リンゴ爆弾でさようなら

91年生まれ。新作を中心に映画の感想を書きます。旧作の感想はよほど面白かったか、気分が向いたら書きます。

最近見た旧作の感想その8

座頭市 あばれ火祭り』(1970)
全部で26作ある座頭市シリーズだが、とりあえず三隅研次の監督した座頭市(『座頭市物語』『血笑旅』『地獄旅』『血煙り街道』『喧嘩太鼓』『あばれ火祭り』)はこれで見終わった。なぜシリーズの中でも三隅監督作なのかというと、それはもちろん、好きだからである。
初めて『座頭市物語』を見たとき、作品は確かに傑作だと思ったが、監督までは気にしていなかった。勝新太郎の作品、としか見ていなかったのだ。しかし、最近になって剣三部作を見て三隅監督が大好きになってしまったので(特に『斬る』は超絶大傑作だった)、とりあえず座頭市を制覇しようと思ったのである。
この『あばれ火祭り』で一番面白いのは銭湯で斬り合うシーン。突然の襲撃に全裸のままで派手に動き回る市(勝新)だが、股間だけは死守されるというユーモア。他にも、仕込み杖を引いて市を誘導する女を刺客が追うというシーンがあるが、そこで市は鞘だけ女の手に残し、刺客を一瞬で斬り(しかも大木ごと)、気づかれないうちに刀を戻すのだ。こういったアクション設計がユニークで、非常に見応えあった。
ラスボスである闇公方を演じた森雅之も印象深い。市と同じくめくらだが、「良いめくら」である市に対して快く思っておらず、大がかりな仕掛け(あばれ火祭り)で市を仕留めようとする。たった一人の為にわざわざ用意したのか?と思ったけど、まぁそれを言うのは無粋だろう。死に際もなかなか悲惨だ。ただ、森雅之とは別にライバルとして仲代達矢も出てくるのだけど、これは盛り込みすぎかとも思った。良いキャラなので彼との対決だけで1本行けたのにね。

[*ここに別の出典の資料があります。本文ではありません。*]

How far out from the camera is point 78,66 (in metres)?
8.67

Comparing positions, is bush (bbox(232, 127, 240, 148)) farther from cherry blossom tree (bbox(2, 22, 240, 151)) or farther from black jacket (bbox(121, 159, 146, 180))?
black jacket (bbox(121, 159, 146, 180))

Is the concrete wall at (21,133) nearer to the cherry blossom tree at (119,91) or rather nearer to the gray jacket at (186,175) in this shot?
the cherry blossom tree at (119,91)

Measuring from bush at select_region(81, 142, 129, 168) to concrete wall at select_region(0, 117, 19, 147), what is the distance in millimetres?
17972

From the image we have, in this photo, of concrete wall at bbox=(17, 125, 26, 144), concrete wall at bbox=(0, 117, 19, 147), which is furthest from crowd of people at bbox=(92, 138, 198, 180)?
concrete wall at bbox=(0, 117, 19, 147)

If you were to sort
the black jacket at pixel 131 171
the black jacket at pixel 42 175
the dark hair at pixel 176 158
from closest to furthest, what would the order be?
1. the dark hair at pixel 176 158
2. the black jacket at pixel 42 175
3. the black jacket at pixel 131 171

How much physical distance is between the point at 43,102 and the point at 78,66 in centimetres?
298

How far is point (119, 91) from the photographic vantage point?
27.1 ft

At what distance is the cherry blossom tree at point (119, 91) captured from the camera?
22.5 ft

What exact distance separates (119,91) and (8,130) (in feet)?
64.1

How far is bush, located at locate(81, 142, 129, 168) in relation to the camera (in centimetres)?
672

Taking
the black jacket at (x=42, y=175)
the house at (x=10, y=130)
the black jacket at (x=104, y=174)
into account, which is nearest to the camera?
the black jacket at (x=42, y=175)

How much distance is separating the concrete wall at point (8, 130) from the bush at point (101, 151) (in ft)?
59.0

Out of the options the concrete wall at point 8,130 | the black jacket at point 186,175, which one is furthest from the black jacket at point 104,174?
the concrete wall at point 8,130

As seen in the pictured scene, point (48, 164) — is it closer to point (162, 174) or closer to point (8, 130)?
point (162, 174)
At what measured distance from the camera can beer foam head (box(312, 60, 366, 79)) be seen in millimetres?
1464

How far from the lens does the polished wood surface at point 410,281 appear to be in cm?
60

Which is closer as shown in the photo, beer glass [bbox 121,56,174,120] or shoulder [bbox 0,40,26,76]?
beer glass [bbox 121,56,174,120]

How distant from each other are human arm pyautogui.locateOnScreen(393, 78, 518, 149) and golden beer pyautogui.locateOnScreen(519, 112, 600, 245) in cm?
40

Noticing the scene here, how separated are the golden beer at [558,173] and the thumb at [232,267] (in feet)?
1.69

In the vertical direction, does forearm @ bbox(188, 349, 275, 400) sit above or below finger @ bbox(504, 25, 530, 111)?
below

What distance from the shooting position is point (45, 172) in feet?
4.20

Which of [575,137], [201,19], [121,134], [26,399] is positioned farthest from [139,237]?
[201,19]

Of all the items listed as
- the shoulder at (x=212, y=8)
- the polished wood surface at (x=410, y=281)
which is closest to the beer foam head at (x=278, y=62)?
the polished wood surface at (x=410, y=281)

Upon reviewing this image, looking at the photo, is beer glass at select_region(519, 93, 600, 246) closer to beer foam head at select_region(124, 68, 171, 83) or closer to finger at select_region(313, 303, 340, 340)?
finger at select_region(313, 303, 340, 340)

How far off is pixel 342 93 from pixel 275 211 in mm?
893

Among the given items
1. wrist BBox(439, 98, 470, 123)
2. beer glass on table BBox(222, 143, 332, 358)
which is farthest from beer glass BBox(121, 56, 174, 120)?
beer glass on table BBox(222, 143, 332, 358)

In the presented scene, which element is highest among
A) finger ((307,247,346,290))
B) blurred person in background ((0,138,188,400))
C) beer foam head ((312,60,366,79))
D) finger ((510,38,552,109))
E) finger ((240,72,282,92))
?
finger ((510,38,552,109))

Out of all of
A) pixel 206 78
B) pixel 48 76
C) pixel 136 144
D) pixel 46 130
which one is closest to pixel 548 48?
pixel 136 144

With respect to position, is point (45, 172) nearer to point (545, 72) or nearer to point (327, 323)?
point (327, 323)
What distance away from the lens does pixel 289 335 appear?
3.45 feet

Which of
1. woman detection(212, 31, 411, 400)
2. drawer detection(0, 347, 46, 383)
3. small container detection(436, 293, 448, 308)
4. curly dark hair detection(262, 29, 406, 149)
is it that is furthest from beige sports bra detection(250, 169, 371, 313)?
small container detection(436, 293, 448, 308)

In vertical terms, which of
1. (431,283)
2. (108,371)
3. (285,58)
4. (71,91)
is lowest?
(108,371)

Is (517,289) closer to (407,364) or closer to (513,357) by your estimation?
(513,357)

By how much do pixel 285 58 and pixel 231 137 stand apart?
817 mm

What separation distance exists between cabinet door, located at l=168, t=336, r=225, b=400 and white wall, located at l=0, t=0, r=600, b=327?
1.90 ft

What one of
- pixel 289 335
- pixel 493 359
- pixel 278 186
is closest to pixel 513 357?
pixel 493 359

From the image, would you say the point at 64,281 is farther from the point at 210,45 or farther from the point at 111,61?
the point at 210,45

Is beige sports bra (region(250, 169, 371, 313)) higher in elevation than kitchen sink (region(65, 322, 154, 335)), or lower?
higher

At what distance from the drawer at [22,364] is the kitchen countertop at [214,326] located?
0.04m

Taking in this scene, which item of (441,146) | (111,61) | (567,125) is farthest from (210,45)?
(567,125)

さて、最後に三隅研次座頭市で僕が順位をつけるなら・・・と考えてみたが、どれもそれぞれに魅力的で、順位付けなどあまり意味がないことに気づいた。が、強いて言うなら『座頭市物語』と『血煙り街道』が特にお気に入りで、これらは間違いなく傑作だろう。まぁまだシリーズでいうと半分も見ていないので、それを見終わったときに順位は改めて考えてみようと思う。

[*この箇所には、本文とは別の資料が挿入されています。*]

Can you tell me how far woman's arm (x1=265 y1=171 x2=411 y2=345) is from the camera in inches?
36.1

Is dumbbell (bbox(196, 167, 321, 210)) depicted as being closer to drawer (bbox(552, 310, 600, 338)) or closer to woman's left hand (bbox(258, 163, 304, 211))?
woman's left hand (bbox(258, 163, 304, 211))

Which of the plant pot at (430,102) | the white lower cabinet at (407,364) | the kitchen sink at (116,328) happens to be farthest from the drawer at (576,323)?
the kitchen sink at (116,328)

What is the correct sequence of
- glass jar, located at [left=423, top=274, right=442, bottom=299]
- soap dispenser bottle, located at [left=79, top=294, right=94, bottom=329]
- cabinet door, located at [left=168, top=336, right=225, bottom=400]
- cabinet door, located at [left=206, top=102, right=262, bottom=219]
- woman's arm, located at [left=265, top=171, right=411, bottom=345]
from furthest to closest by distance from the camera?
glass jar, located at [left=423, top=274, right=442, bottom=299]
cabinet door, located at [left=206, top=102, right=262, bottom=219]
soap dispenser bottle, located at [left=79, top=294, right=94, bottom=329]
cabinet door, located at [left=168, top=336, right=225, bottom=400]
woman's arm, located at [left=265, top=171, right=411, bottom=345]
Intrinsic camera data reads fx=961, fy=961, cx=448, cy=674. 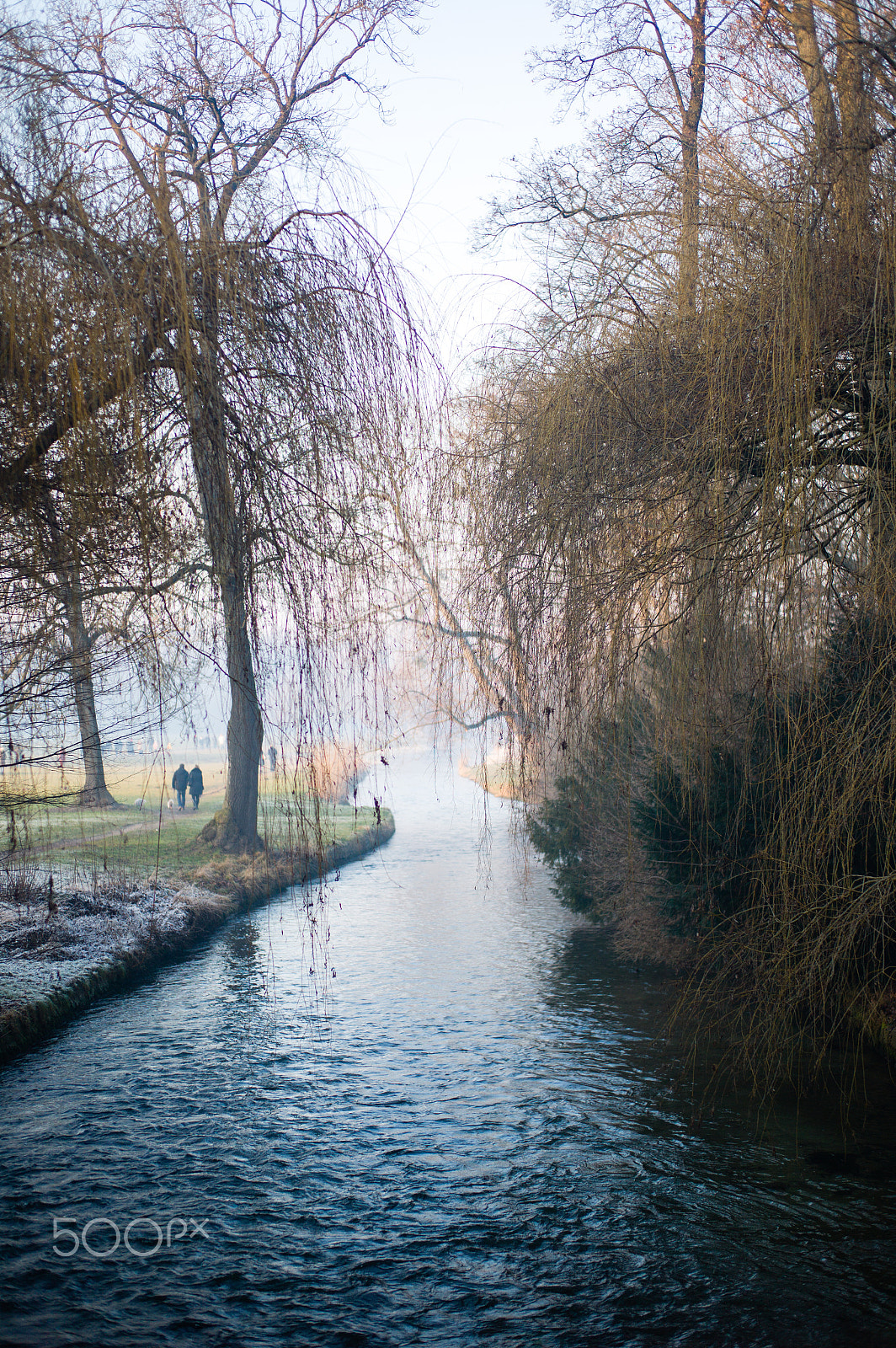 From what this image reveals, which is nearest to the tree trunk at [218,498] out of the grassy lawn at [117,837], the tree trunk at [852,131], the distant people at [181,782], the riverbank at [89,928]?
the grassy lawn at [117,837]

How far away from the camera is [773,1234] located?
4953 mm

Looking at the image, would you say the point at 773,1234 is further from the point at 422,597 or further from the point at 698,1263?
the point at 422,597

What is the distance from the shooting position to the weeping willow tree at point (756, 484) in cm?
399

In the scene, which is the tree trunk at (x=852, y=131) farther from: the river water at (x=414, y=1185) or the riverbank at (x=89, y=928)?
the riverbank at (x=89, y=928)

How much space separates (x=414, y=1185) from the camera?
5.57 m

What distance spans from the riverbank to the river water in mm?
393

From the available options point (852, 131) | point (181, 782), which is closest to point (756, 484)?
point (852, 131)

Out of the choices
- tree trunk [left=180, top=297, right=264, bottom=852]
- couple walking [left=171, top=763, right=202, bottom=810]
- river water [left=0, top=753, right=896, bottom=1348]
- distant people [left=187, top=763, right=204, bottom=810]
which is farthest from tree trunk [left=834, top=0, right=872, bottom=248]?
distant people [left=187, top=763, right=204, bottom=810]

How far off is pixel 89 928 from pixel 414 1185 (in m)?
5.99

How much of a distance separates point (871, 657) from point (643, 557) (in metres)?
1.14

しかし、勝新座頭市を見ていると香取慎吾の『座頭市 THE LAST』とは一体・・・と思わざるを得ない。北野武の『座頭市』は変則時代劇として楽しいけど、あれはもう、本当にひどかったなと。しかも勝手に「LAST」とか言っちゃっている点も厳しい。綾瀬はるかの『ICHI』は見ていないが、こちらも相当に怖い物件だな・・・。



狼と豚と人間(1964)
最近、深作欣二最初期の作品である『風来坊探偵』『ファンキーハットの快男児』が発売&レンタルされたので、とりあえず深作欣二監督第一作目にして千葉真一初主演の『風来坊探偵 赤い谷の惨劇』を借りた。62分の間にミニチュア撮影によるセスナ墜落やらダイナマイトやら見せ場が詰まっていて楽しい。そして何より千葉真一がフレッシュね!そんなわけで、色々と見所のある映画だったと思う。

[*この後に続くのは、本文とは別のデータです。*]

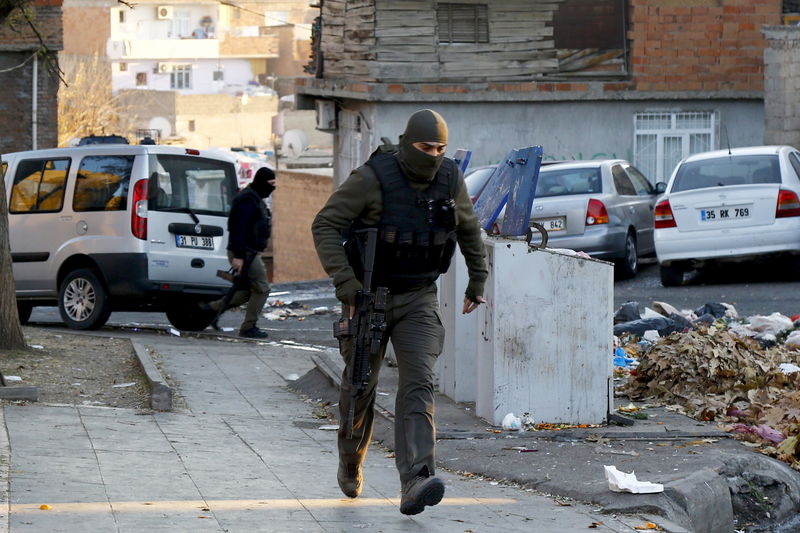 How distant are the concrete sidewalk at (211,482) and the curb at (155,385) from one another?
0.10 metres

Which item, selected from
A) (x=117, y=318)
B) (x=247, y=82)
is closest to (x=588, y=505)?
(x=117, y=318)

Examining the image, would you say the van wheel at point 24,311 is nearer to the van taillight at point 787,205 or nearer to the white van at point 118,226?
the white van at point 118,226

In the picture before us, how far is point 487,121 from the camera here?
2514 centimetres

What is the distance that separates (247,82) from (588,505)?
93269 millimetres

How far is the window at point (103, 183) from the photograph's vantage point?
14.0 m

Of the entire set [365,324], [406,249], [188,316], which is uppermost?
[406,249]

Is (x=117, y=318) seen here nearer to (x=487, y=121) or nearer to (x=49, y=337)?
(x=49, y=337)

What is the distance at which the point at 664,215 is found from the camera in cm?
1695

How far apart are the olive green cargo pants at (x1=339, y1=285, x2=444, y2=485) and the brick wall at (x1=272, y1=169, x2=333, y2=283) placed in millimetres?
28850

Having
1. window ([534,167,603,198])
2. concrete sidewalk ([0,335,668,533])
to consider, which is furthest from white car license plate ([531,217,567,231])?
concrete sidewalk ([0,335,668,533])

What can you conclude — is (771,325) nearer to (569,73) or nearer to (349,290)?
(349,290)

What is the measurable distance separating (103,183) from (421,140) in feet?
28.9

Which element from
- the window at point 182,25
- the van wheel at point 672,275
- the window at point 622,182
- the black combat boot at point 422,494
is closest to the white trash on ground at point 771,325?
the van wheel at point 672,275

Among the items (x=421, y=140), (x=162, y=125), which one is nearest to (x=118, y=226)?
(x=421, y=140)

で、本題は深作欣二監督がその3年後に撮った『狼と豚と人間』である。戦後、ゴミ溜めのようなスラム街で育った三兄弟はそれぞれ同じくスラムから抜け出したいという気持ちを持つも、全く違う方法によってそれを成そうとしていた。長男・市郎(三國連太郎)は組織的やくざの幹部となり、次男・二郎(高倉健)は一匹狼の犯罪者となり、そして三男・三郎(北大路欣也)は一人痴呆になった母の世話を押し付けられ、その母が死んだあとは地元でチンピラになっていた。二郎は情婦と海外へ逃げるために、かつての仲間と三郎を使い、市郎が所属する組の資金を強奪する。三郎は二郎に出し抜かれないようにと奪った資金を隠すも、仲間とともに拷問にかけられてしまう・・・というストーリー。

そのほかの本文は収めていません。